As Mark Twain once said, “The secret to getting ahead is getting started.”
This is probably the very first tough lesson that many entrepreneurs learn. That is, you can’t actually be an entrepreneur until you make a move on your business plan.
Once that’s done, though, it’s still an uphill battle.
Dave Brewer, owner of a PC Support company in San Jose CA asks “what other lessons should you expect to learn as you build and grow your company?”
Here are 4 to consider.
- It’s imperative that you know (and playoff of) your strengths and accepts your weaknesses.
Everyone has advantages in the business world. Even if you’ve never even been in the business world yet, you have skills and abilities that others don’t possess. Knowing what these skills and abilities are will be key to your potential success.
At the same time, it’s crucial to know where your weaknesses lie as well. What do you struggle with? Is it getting started, staying the course, making rash decisions? Knowing both your advantages and disadvantages before you go into a business venture can save you a lot of trouble down the line.
- Having a strong team is key.
Marius Nel from Atlanta IT support company, 360 Smart Networks says “You can’t create a business alone. Even if your team is made up of only a few people, those people and their abilities can make or break your potential success. In other words, choose your people wisely. When you do, you’re setting yourself up for success from the get-go.”
- Some aspects of business will be unpredictable (and that’s just the way it is).

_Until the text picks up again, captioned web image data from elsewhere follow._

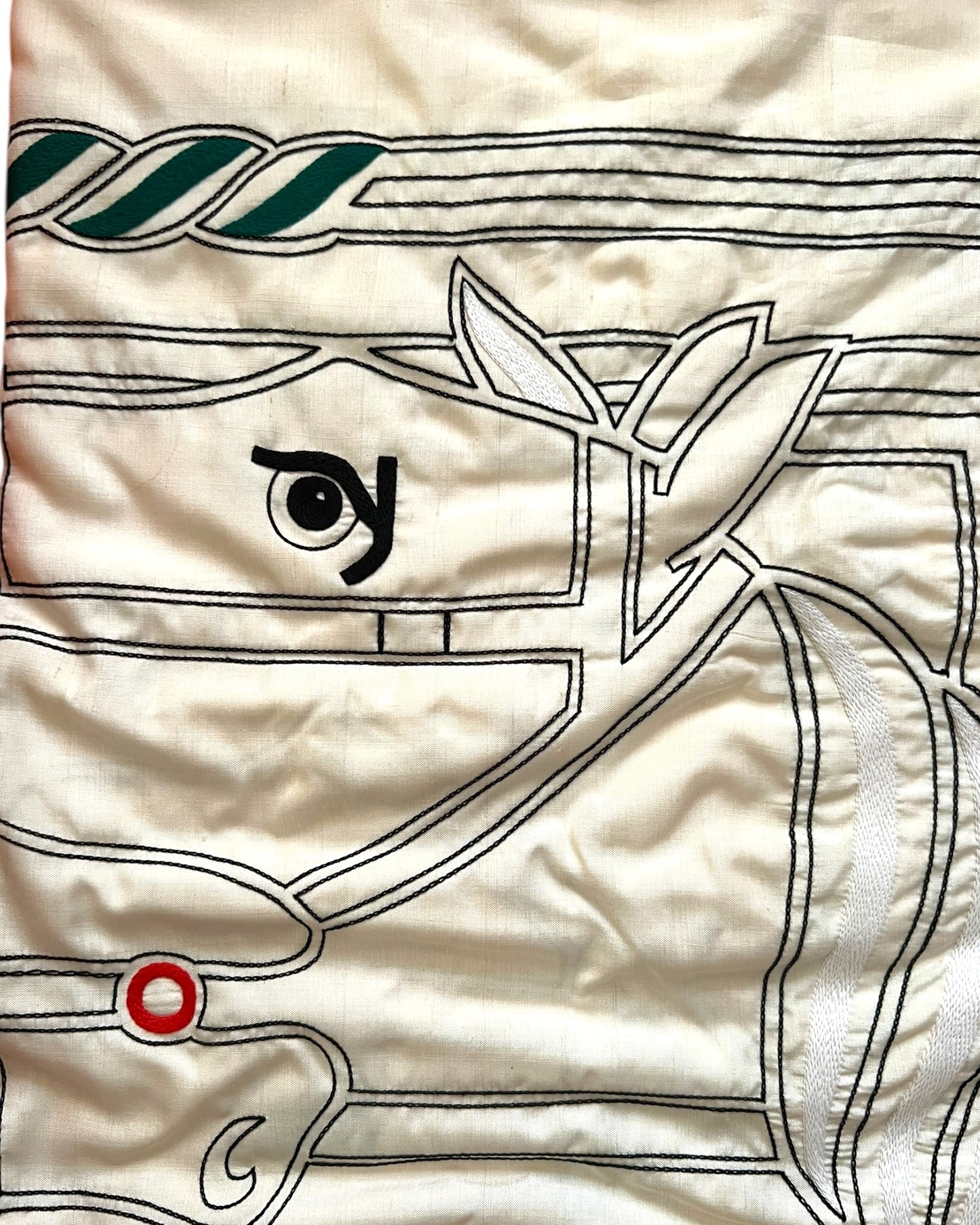 Hermès Carré 90 “Quadrige” – Hand-Embroidered Silk Scarf (Pristine — with Special Box)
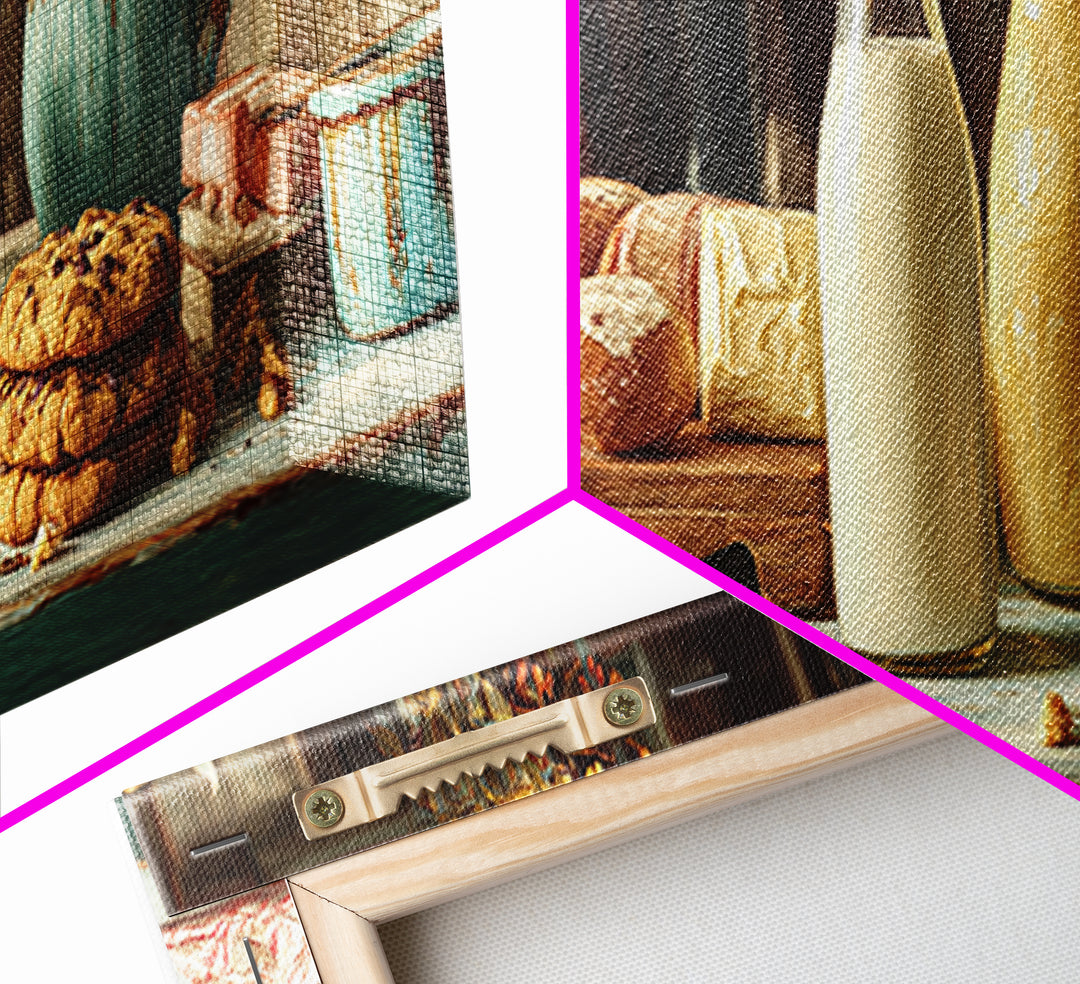 Milk Bottle and Cookies Nostalgic Still Life Canvas Print, Bakery Art, Boho Decor, Bakery Decor, Oil Painting, Patisserie, BAK-3x1-62
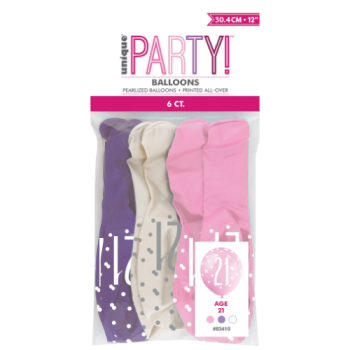Unique Party Number 21 Petal Pink, Spring Lavender & White Glitz 12in Latex Balloons 6pk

How do you know if your product or service is going to take off?
Well, you don’t.
The truth of the matter is, there are a few things in business that you simply can’t know for sure: Why people will or won’t buy your product or service, what trends will come and go in your industry’s marketplace, and why people will want to work for your company — or why they won’t.
Don’t expect to know these things, and you’ve already learned a vital lesson.
- There will be ups and downs. That’s the nature of the beast.
If you’re envisioning the growth of your company as a line on a graph that goes steadily up, up, up … think again. That’s not a realistic depiction of how any successful businesses grow.
You should expect setbacks. You should expect chaos. You should even expect moments in which you think you might have to give it all up and quit. If your idea is good, however, and if you have the grit, work ethic, and resources to press on, you will succeed.
And that’s the last lesson: Be diligent and persistent because the growth of a new company takes time. Put in that time and effort, and you’ll earn the right to call yourself a true entrepreneur with a successful business.